#### [Available data]
%%

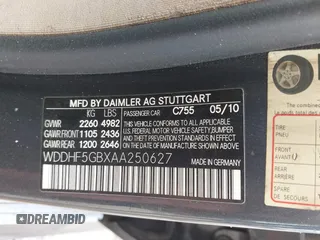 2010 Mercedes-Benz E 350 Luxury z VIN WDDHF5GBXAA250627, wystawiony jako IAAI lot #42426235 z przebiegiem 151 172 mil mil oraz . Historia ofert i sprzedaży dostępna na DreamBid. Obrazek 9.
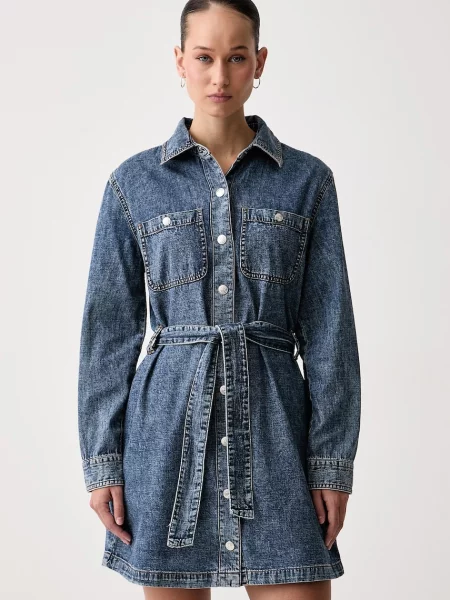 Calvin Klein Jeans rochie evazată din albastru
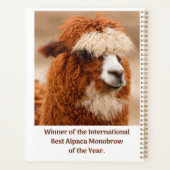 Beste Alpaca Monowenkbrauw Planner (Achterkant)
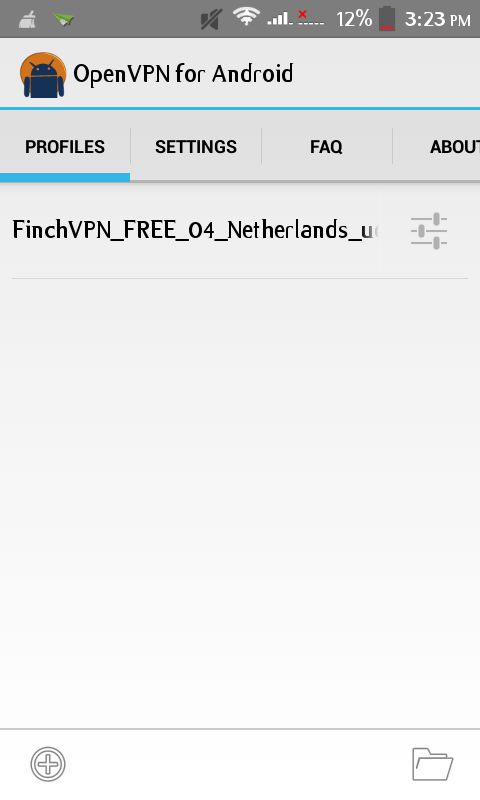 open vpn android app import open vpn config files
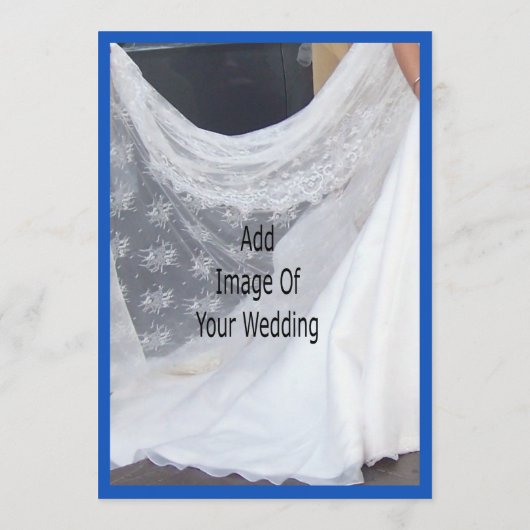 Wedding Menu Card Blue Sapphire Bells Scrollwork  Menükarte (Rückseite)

%%
%%

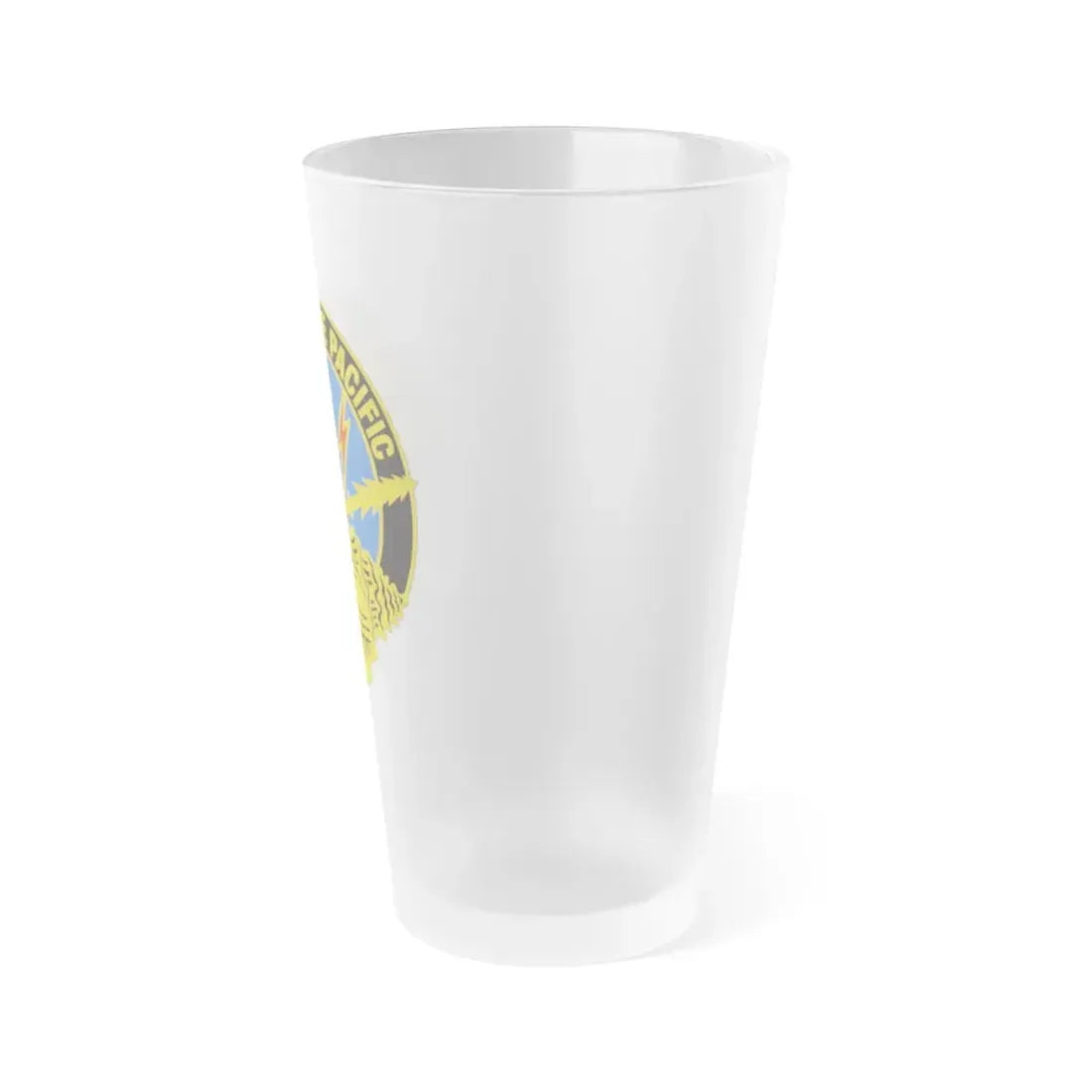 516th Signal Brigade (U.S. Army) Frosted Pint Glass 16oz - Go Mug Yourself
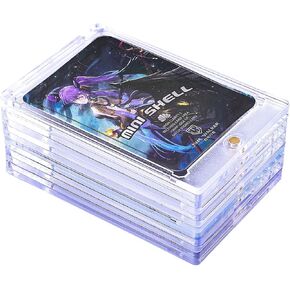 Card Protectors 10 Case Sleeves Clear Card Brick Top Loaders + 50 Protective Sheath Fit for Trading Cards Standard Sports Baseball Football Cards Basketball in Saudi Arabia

%%

#### [Required action]
Using the entries above, reproduce word for word only the lines from the one that contains "Beste Alpaca Monowenkbrauw" to the one that contains "Wedding Menu Card", both ends included, and drop every picture.

#### [Response to the exercise]
 Beste Alpaca Monowenkbrauw Planner (Achterkant)
 open vpn android app import open vpn config files
 Wedding Menu Card Blue Sapphire Bells Scrollwork  Menükarte (Rückseite)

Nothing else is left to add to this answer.